▶ [Information supplied]
◆ ◆ ◆

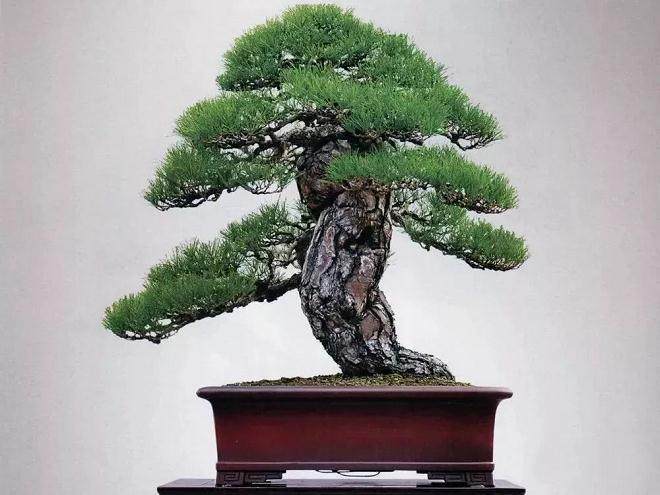 黑松盆景的栽培种植与苗期管理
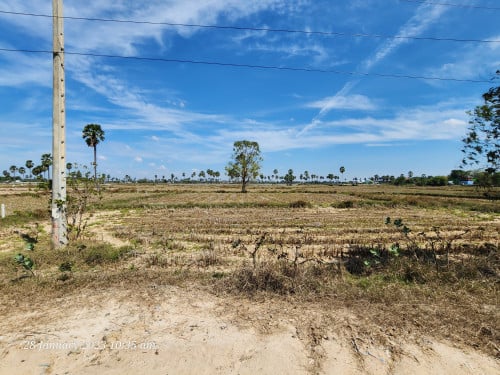 ដីលក់បន្ទាន់ខាងកើតផ្លូវជាតិ 41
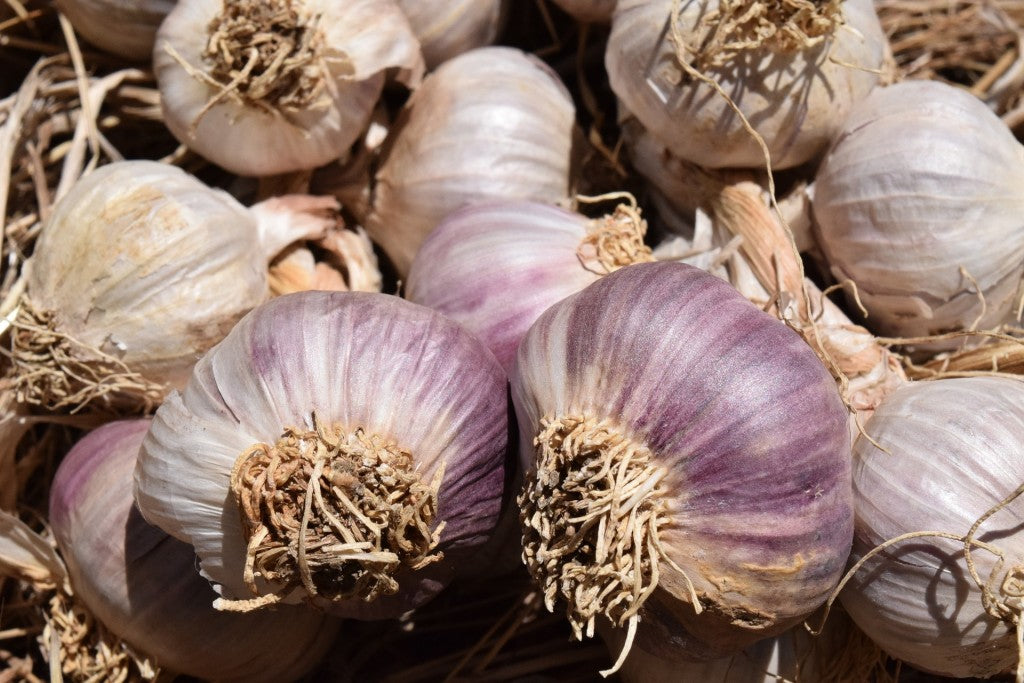 Vibrant Garlic Vegetable Seeds: Perfect for Colorful Gardens, Premium Seeds seed packet for home gardening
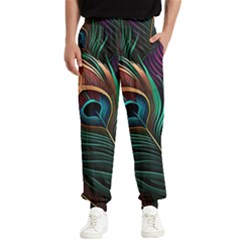 Peacock Feathers Nature Feather Pattern Men s Elastic Waist Pants by pakminggu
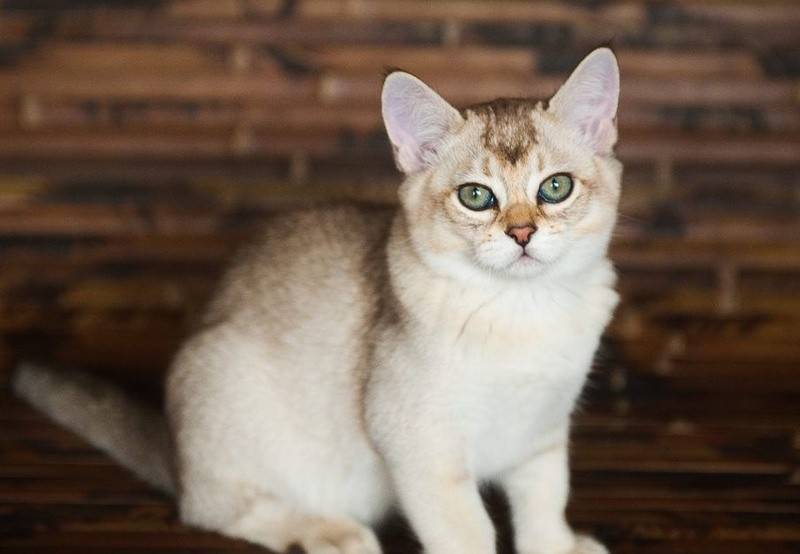 Порода кошек бурмилла - описание породы, характер
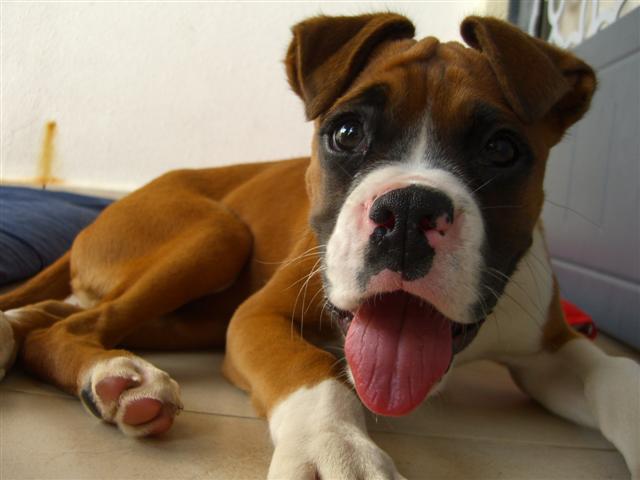 3.5 mths old fawn boxer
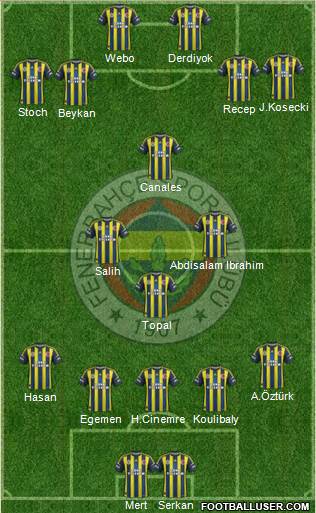 Fenerbahçe SK Formation 2013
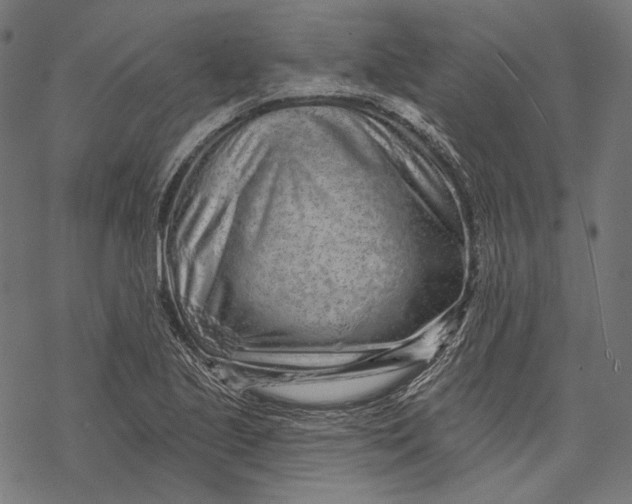 X0000067921221200605041700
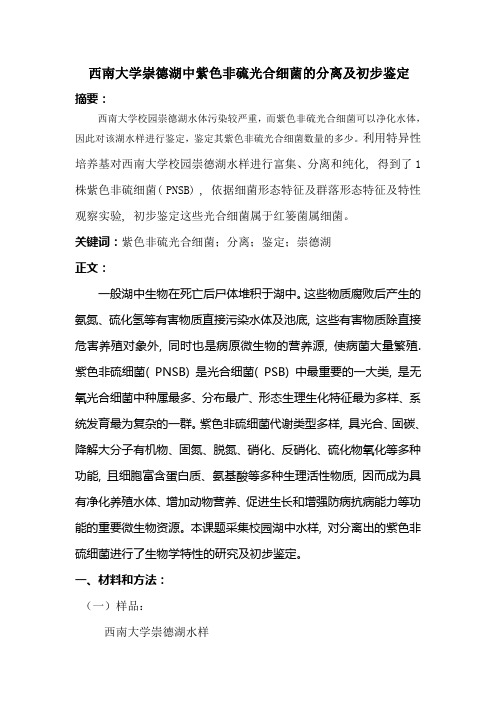 西南大学崇德湖中光合细菌的分离及初步鉴定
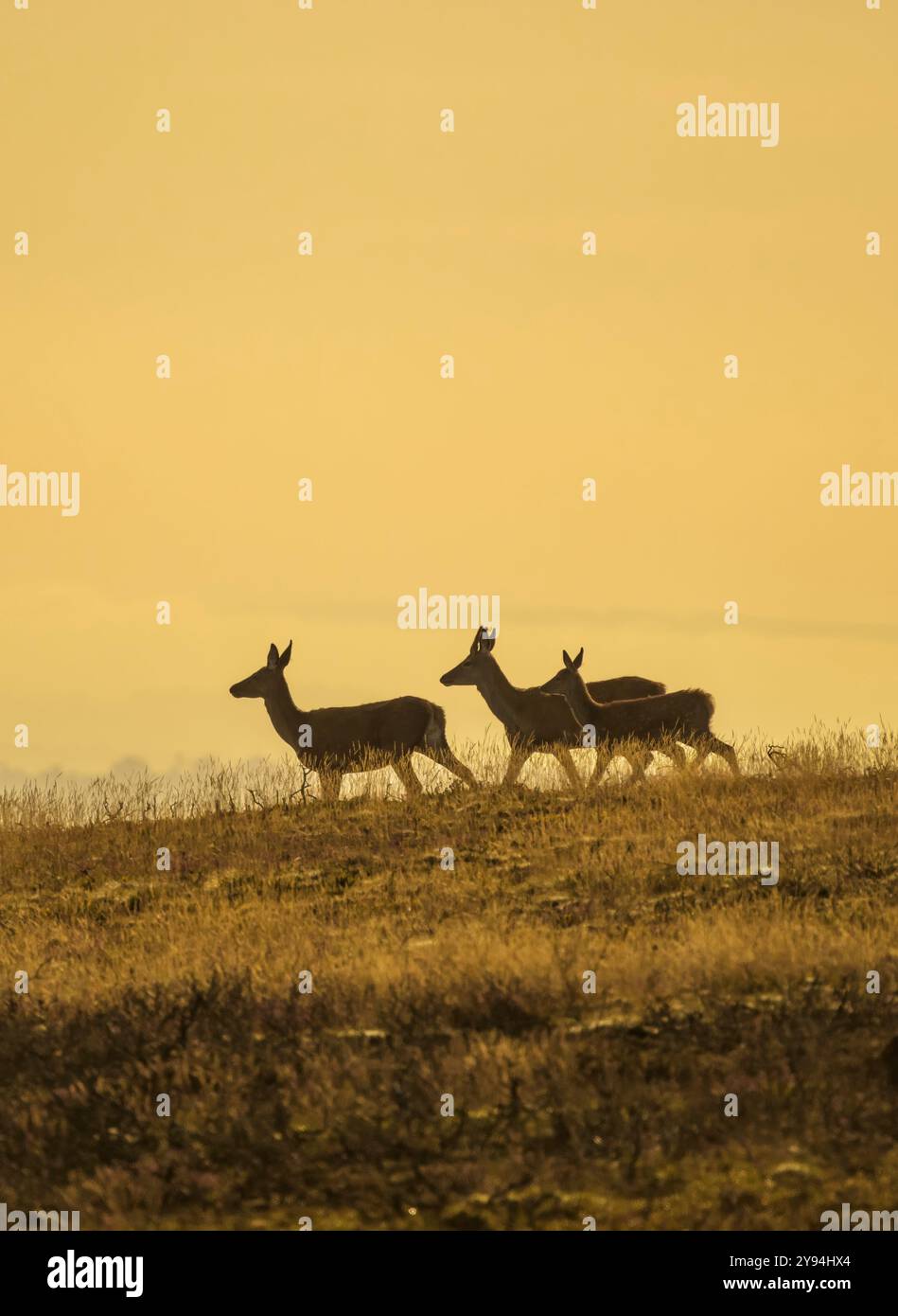 Red Deer si staglia sulle colline di Quantock, Somerset, Regno Unito, subito dopo l'alba nell'ora d'oro Foto Stock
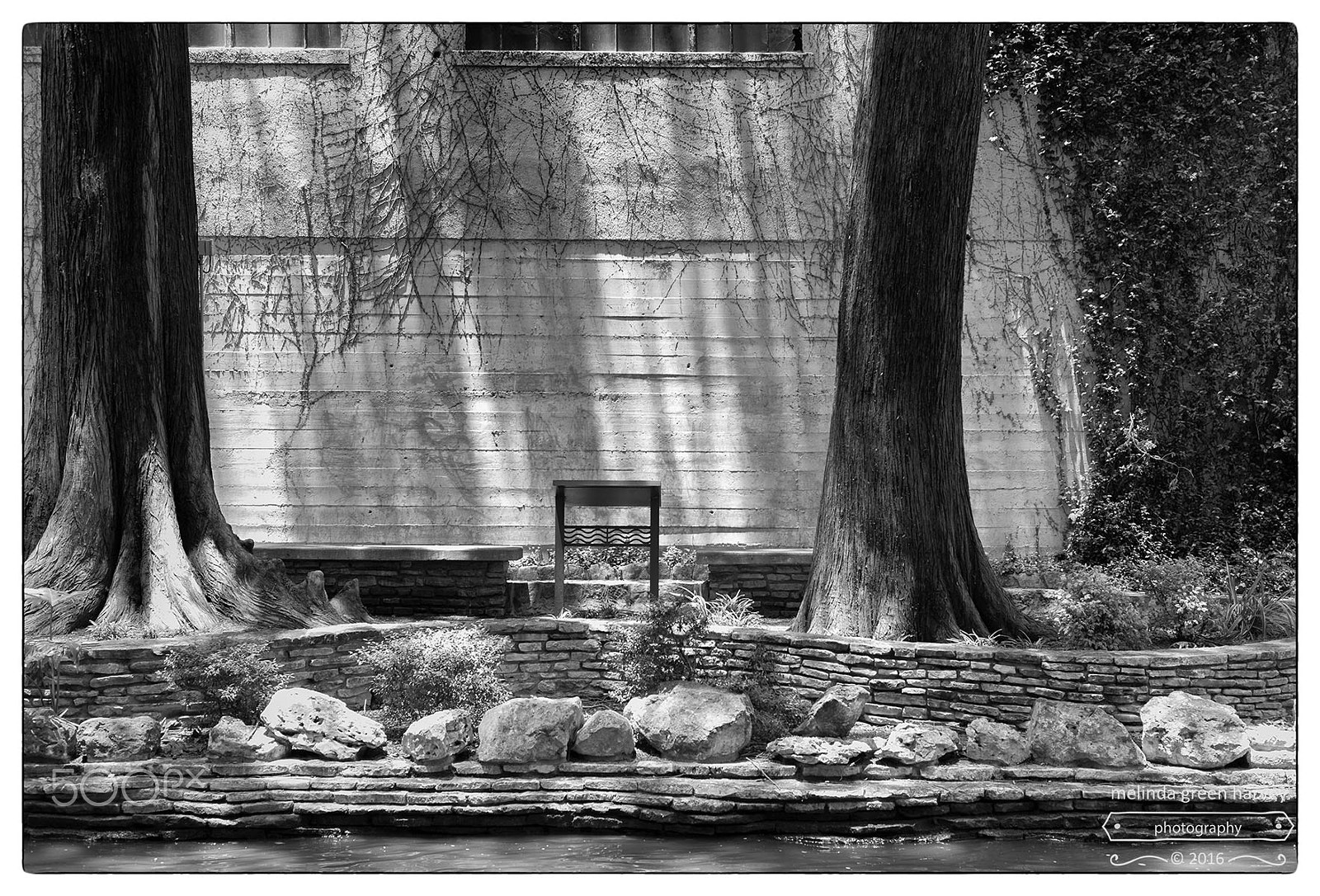 Leica Summarit-M 50mm F2.4 sample photo. Vines and a sign photography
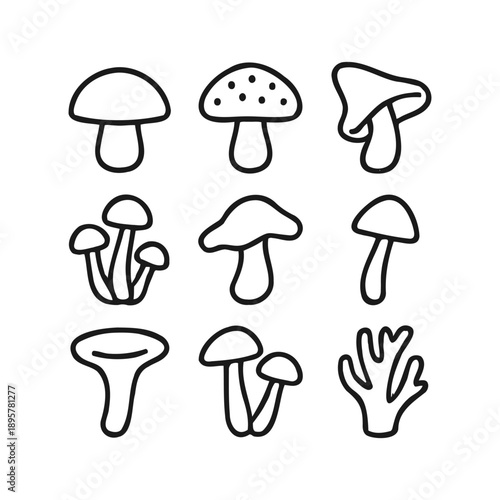 Wild mushroom varieties and fungi species icons, linear icon. Mycology, forest foraging, organic food, and natural autumn harvest concepts.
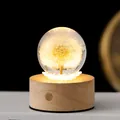 3D Löwenzahn Kristallkugel Nachtlicht mit Holzsockel für Geschenke - 6cm Löwenzahnkugel + Wiederaufladbare Rotation (Batterie Enthalten) / USB-Stecker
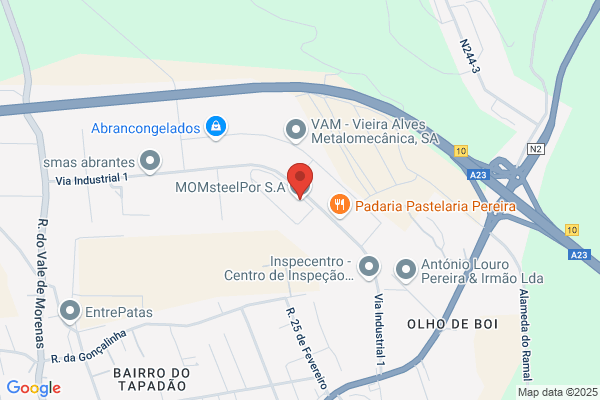 Moms of Steel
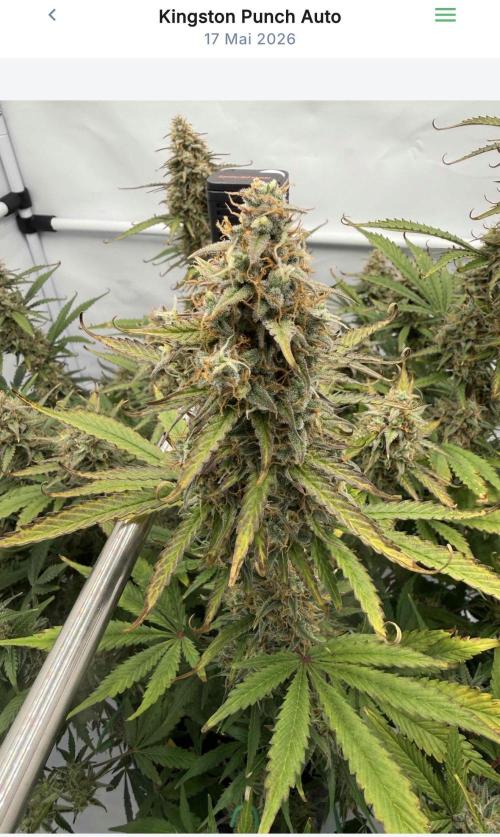 VoGrow‘s Autoflower Grow. Week 12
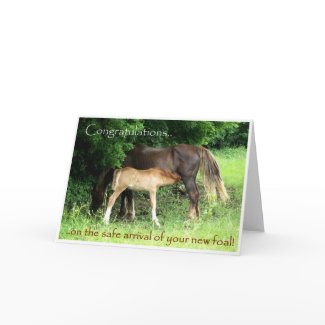 New Foal Congratulations Card card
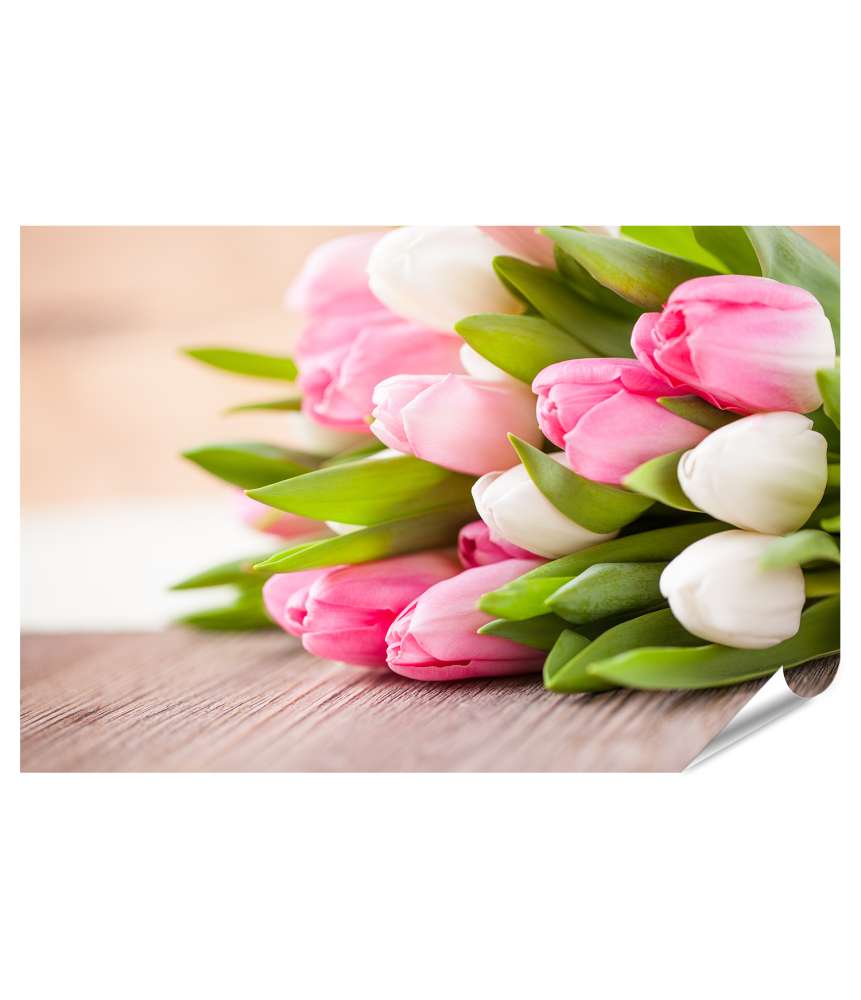 Islandburner Premium Poster Ein Strauß rosa-weißer Tulpen auf einem Tisch, elegant dargestellt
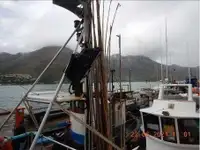 Arrastrero en venta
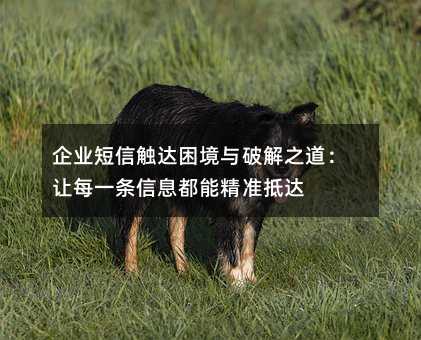 ҵŴƽ֮ÿһϢܾ׼ִ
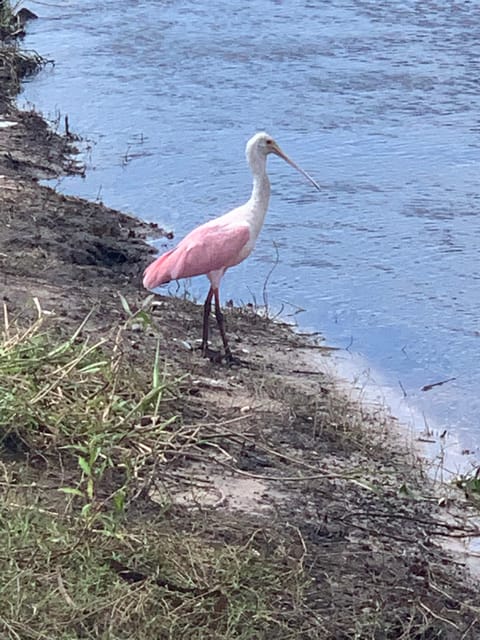 Sarasota: Myakka State Park E-bike Safari Experience - The Sum Up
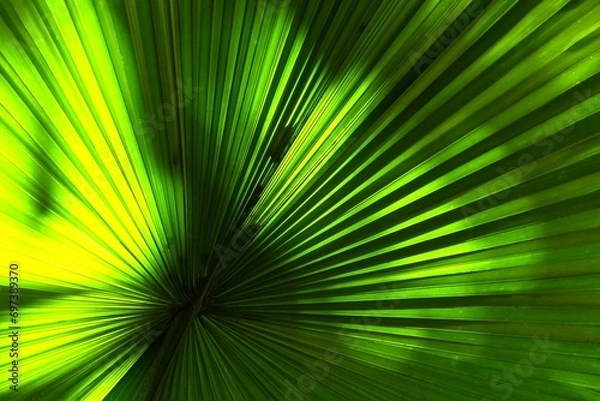 Obraz green palm leaf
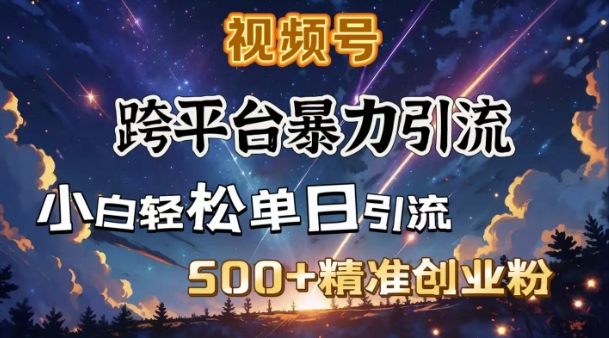 跨平台暴力引流,私域完美闭环,日引500+精准创业粉-rose网创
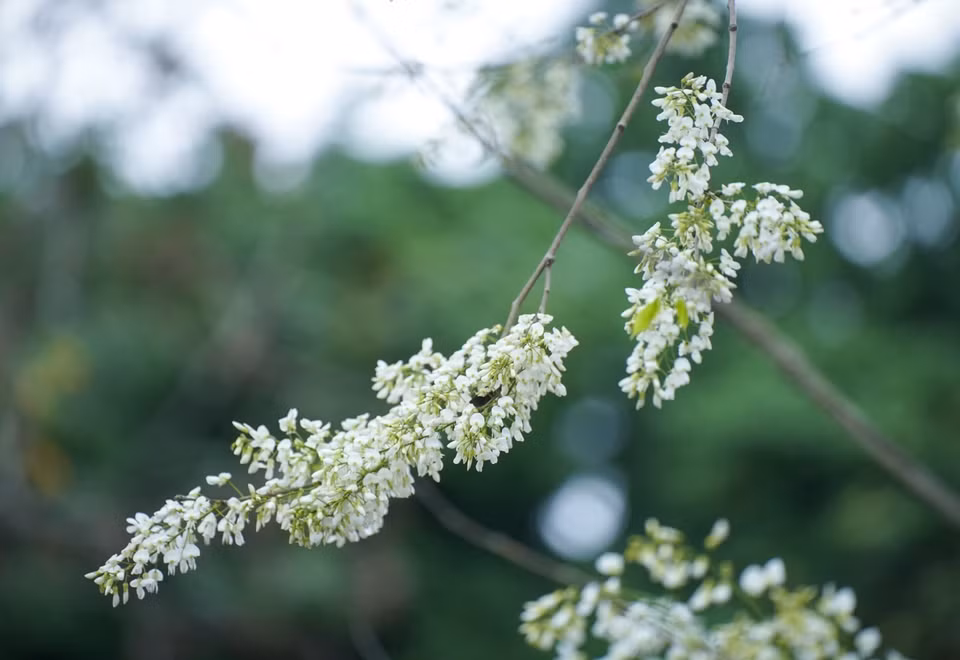 The delicate, pristine beauty of sua blossoms (Photo: VNA)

◆ ◆ ◆

▶ [What the task requires]
For every entry above, please output the text exactly and leave any picture behind.

▶ [Solution for this problem]
 黑松盆景的栽培种植与苗期管理
 ដីលក់បន្ទាន់ខាងកើតផ្លូវជាតិ 41
 Vibrant Garlic Vegetable Seeds: Perfect for Colorful Gardens, Premium Seeds seed packet for home gardening
 Peacock Feathers Nature Feather Pattern Men s Elastic Waist Pants by pakminggu
 Порода кошек бурмилла - описание породы, характер
 3.5 mths old fawn boxer
 Fenerbahçe SK Formation 2013
 X0000067921221200605041700
 西南大学崇德湖中光合细菌的分离及初步鉴定
 Red Deer si staglia sulle colline di Quantock, Somerset, Regno Unito, subito dopo l'alba nell'ora d'oro Foto Stock
 Leica Summarit-M 50mm F2.4 sample photo. Vines and a sign photography
 Wild mushroom varieties and fungi species icons, linear icon. Mycology, forest foraging, organic food, and natural autumn harvest concepts.
 3D Löwenzahn Kristallkugel Nachtlicht mit Holzsockel für Geschenke - 6cm Löwenzahnkugel + Wiederaufladbare Rotation (Batterie Enthalten) / USB-Stecker
 Moms of Steel
 VoGrow‘s Autoflower Grow. Week 12
 New Foal Congratulations Card card
 Islandburner Premium Poster Ein Strauß rosa-weißer Tulpen auf einem Tisch, elegant dargestellt
 Arrastrero en venta
 ҵŴƽ֮ÿһϢܾ׼ִ
 Sarasota: Myakka State Park E-bike Safari Experience - The Sum Up
 Obraz green palm leaf
 跨平台暴力引流,私域完美闭环,日引500+精准创业粉-rose网创
 The delicate, pristine beauty of sua blossoms (Photo: VNA)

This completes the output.